Material for the task START

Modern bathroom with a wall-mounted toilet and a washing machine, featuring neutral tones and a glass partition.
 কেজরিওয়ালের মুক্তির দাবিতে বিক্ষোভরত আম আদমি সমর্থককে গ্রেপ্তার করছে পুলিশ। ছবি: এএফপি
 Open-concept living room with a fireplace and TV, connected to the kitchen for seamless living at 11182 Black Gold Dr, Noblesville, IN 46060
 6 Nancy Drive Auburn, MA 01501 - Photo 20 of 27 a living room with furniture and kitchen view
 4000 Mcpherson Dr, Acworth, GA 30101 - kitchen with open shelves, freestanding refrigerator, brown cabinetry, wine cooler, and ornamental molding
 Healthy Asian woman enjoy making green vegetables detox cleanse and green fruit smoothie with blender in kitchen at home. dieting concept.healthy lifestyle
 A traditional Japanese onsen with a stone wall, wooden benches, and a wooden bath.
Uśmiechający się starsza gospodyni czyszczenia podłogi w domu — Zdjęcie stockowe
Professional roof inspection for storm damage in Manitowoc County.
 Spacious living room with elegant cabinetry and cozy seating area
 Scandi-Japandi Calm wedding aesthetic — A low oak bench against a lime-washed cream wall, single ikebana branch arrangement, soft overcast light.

Material for the task END

→ Work instruction
Would you print, exactly as written, every line above from the one holding "4000 Mcpherson Dr, Acworth, GA" through the one holding "Uśmiechający się starsza", with both included and no other lines?

→ Answer space
 4000 Mcpherson Dr, Acworth, GA 30101 - kitchen with open shelves, freestanding refrigerator, brown cabinetry, wine cooler, and ornamental molding
 Healthy Asian woman enjoy making green vegetables detox cleanse and green fruit smoothie with blender in kitchen at home. dieting concept.healthy lifestyle
 A traditional Japanese onsen with a stone wall, wooden benches, and a wooden bath.
Uśmiechający się starsza gospodyni czyszczenia podłogi w domu — Zdjęcie stockowe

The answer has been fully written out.